According to the Cartoon Laws of Physics, gravity cannot affect a cartoon character until he realizes it. Hence, the Coyote never knows that he's run off the edge of a cliff in a cloud of dust until he sticks his hand down out of the cloud, feels about, then sticks his head down out of the cloud to take a look. This I call the Coyote Moment.
Here on Daily Kos we have the Coyote Moment too. However, rather than feeling around under a cloud of dust, what happens is that you get a new follower, The Spinning Vase of Doom. Much like the large white beach ball in The Prisoner, that, fellow Villagers, may well be a Harbinger of Your Demise!
So, just as your flag decal won't get you into heaven any more, having a cute puppy as your avatar won't save you from the sure fate that awaits spammers, orcs and trolls at the hands of the Great Orange Satan.
But that might not be the the only sign of your impending departure ...
Has anyone noticed that around here we all have numbers? And Kos himself, oh sure, he claims to be a lawyer, a veteran and a family man, but ... (ominous chord) he's got a number also! Number 3, which is just 1 less than 2. And it's probably no coincidence that Kos is also an island probably equipped with underground sensing devices consisting of two guys on a see-saw spinning around and around looking through cameras and miraculously not barfing all over the place from motion sickness, or, uh ... something like that.
Now, you may be thinking something like
Cartoon Peril, are you totally deranged?
But consider this ... you never see Kos and
Leo McKern together -- what possible explanation could there be for that?
But after being banned for being unmutual, how do you get back once you've been consigned to the Phantom Zone along with General Zod.

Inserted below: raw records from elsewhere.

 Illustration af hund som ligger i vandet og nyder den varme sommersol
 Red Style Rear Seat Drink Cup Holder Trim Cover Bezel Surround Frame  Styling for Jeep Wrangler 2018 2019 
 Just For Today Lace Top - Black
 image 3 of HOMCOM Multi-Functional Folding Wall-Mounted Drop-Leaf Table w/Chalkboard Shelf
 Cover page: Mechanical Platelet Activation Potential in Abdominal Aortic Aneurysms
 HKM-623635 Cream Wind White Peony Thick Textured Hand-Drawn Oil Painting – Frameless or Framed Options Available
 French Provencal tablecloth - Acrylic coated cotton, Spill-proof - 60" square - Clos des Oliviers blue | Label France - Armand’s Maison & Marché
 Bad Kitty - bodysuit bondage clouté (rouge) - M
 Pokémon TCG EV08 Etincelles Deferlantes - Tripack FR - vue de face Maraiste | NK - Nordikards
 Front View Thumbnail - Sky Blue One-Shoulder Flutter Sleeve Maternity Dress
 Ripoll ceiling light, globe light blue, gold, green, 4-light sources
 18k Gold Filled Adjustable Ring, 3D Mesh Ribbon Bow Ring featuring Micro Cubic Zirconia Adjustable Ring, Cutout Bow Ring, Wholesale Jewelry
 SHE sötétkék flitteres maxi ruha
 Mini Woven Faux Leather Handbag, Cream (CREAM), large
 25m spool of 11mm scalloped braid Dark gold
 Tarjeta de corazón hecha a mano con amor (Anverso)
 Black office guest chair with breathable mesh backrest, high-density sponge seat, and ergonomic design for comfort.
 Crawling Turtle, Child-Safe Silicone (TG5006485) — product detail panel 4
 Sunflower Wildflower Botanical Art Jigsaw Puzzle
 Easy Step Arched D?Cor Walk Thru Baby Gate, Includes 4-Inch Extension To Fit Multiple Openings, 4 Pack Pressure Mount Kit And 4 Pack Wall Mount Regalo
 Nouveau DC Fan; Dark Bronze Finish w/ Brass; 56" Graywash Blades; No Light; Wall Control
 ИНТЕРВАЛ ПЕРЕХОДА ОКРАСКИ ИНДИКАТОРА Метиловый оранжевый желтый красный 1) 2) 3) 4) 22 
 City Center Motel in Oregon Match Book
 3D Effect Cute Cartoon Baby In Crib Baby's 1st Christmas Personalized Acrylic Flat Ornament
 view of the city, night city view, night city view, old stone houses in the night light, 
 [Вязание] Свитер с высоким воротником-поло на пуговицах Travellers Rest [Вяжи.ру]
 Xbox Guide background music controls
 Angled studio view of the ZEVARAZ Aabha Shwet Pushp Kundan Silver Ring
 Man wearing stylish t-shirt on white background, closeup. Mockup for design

My research has disclosed one possible means:
So, should your own Coyote Moment come, write this on your palm, just like Sarah Palin at a debate (but, uh, skip the winking part):
I offer a complete and utter retraction. The imputation was totally without basis in fact, and was in no way fair comment, and was motivated purely by malice, and I deeply regret any distress that my comments may have caused you or your family, and I hereby undertake not to repeat any such slander at any time in the future.